And how exactly do you imagine you will escape them, since you presumably inhabit the same world as the rest of us?
I'm not going to be "blatting" up and down country lanes in any kind of motor vehicle. Any driver who blats anywhere, however charming their vehicle, is a menace.
If that's what you say you meant, then fair enough, but I find it odd that a vehicle that imposes few demands and restrictions on others and expands the horizons of door-to-door transport would be described as individualistic, while one that shapes our entire society according to its demands and requires that everything get out of its way is seen as somehow convivial. The only things that cars facilitate are the things they have rendered necessary in the first place.
I did notice the bit about hitchhikers, which is all very heartening, but if I'm honest I have to admit to finding the self-portraits of the Look How Polite A Road User I Am And Wouldn't It Be Great If Everyone Were Like Me element a bit tiresome by now. It's the implication that everyone else is behaving inconsiderately that is irritating. Not to mention wrong.
Blimey!
1. I'm not trying to escape what I don't see as corrosive. I quite enjoy living in the early 21st Century in Western Europe.
2. The only way to drive a 1960 roadster is to blat. It makes about 55 bhp and has low gearing, so it does 70mph flat out. we normally drive it at 50, which is scary enough. It is not even a menace to insects. It is also very beautiful and has a lovely exhaust note. Utterly, utterly lovely.

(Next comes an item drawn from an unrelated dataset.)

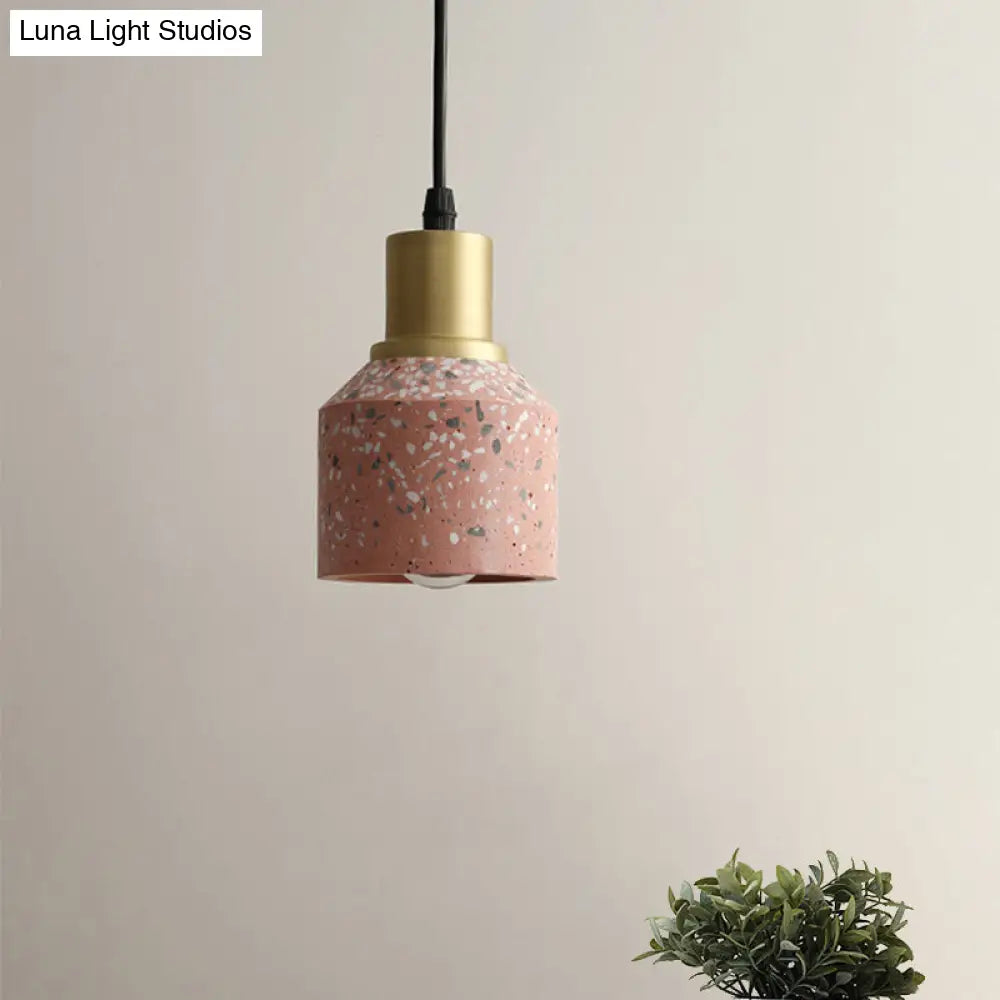 Terrazzo Jar Pendant Light: Postmodern 1 Head White/Pink With Brass Accent - Coffee Shop Décor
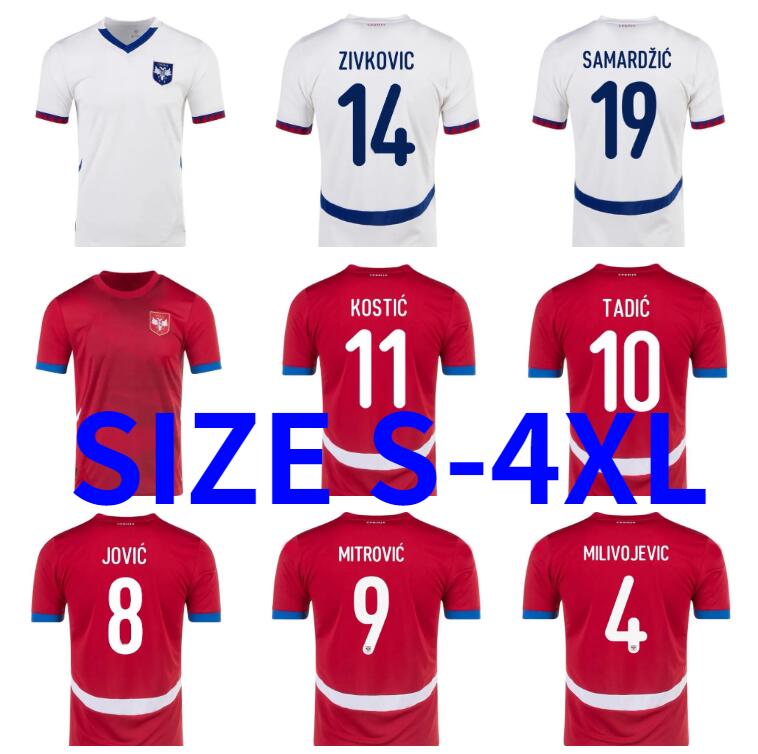 24 25 SERBIA Soccer Jersey Vlahovic MILIVOJEVIC 2024 2025 MITROVIC Kostic TADIC KOLAROV SERGEL JOVIC Men national team Football Shirt uniforms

3. I do see what you say about motor vehicles shaping our society, although I quite like the environment they've shaped. This computer was delivered in a lorry. As were the slates on my roof, the food in my fridge.. indeed the fridge itself. My children were delivered in a bed. Almost everything else in a lorry. Eschew the vehicle and you need stout leather on your soles.
4. I certainly don't consider myself particularly polite on the road. I put these things in to defend both myself and motorists in general against real or implied charges of being petrol-fuelled misery-bringers. In truth there has not been a week for about twenty years when I've had fewer than three points on my license. Sometimes it is more. My family laugh openly at my driving.
5. I absolutely don't think that everyone else is behaving inconsiderately. I don't imply it. In the post you first took exception to, I wrote very positively about racers, chaingangs, parents training children and others. I write often on this forum that I think the majority of road users are skilled, courteous and thoughtful. So any implication that everyone else is behaving inconsiderately would be very wrong, as you say. And any inference that I'd been thinking that way would be wide of the mark. It's all there in black and white.
6. However, I do think that dawdling cyclists who ride 2-abreast when they could easily tuck in and passing is tricky are not showing a massive amount of consideration for other road users. I also have an issue with lycra missiles on posh wheels who double up to chat between pieces of work if that doubling up inconveniences other road users. These are the points you first baulked at and I am constant in my views.